Extracellular polymeric substances (EPSs) are extracellular macromolecules in bacteria, which function in cell growth and show potential for mechanism study and biosynthesis application. However, the biosynthesis mechanism of EPS is still not clear. We herein chose Bacillus licheniformis CGMCC 2876 as a target strain to investigate the EPS biosynthesis. epsK, a member of eps cluster, the predicted polysaccharide synthesis cluster, was overexpressed and showed that the overexpression of epsK led to a 26.54% decrease in the production of EPS and resulted in slenderer cell shape. Transcriptome analysis combined with protein-protein interactions analysis and protein modeling revealed that epsK was likely responsible for the synthesis of teichuronic acid, a substitute cell wall component of teichoic acid when the strain was suffering phosphate limitation.
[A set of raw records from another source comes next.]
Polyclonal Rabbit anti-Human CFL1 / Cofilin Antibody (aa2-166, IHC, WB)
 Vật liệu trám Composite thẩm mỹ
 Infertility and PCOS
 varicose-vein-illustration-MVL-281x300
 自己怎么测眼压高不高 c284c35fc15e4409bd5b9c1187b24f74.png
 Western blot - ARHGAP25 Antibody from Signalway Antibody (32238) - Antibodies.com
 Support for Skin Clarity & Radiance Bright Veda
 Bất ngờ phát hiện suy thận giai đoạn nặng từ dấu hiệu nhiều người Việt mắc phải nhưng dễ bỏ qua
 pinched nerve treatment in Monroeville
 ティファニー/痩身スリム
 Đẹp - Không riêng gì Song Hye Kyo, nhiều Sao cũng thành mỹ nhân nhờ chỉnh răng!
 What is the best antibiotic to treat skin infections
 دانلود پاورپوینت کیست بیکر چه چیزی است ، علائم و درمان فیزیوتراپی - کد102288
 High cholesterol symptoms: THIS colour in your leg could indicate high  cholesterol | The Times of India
Further cell cultivation showed that either phosphate limitation or the overexpression of teichuronic acid synthesis genes, tuaB and tuaE could similarly lead to EPS reduction. The enhanced production of teichuronic acid induced by epsK overexpression triggered the endogenous phosphate starvation, resulting in the decreased EPS synthesis and biomass, and the enhanced bacterial chemotaxis. This study presents an insight into the mechanism of EPS synthesis and offers the potential in controllable synthesis of target products.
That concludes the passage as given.